RECORDS SHOWN:
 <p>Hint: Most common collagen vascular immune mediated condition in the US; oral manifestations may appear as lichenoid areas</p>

==

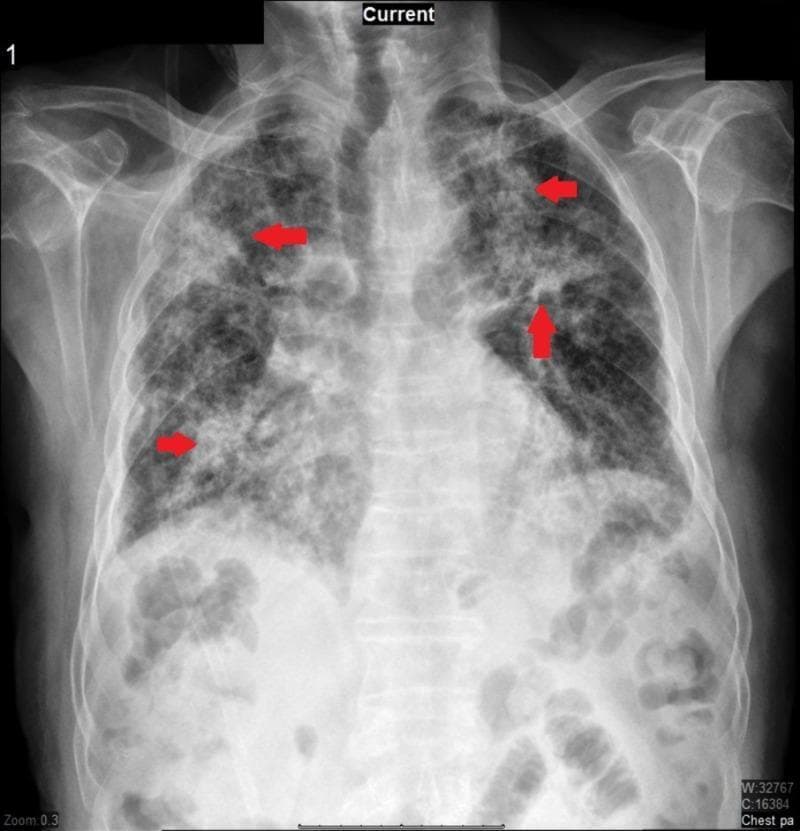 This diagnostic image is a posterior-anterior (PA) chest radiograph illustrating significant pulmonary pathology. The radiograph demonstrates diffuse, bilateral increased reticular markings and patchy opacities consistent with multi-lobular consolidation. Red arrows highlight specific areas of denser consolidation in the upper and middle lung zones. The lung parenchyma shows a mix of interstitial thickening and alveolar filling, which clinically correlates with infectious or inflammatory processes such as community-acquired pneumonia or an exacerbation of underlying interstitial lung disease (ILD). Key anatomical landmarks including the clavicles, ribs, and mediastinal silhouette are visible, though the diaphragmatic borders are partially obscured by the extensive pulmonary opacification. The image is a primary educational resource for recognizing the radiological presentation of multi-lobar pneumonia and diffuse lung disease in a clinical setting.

* * *

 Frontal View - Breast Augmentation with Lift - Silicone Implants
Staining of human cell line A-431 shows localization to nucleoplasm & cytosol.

TASK ITEM: Every line above from the line with "Frontal View - Breast" to the line with "Staining of human", inclusive, must be returned exactly; no other line belongs in the reply.

RESPONSE TO THIS TASK:
 Frontal View - Breast Augmentation with Lift - Silicone Implants
Staining of human cell line A-431 shows localization to nucleoplasm & cytosol.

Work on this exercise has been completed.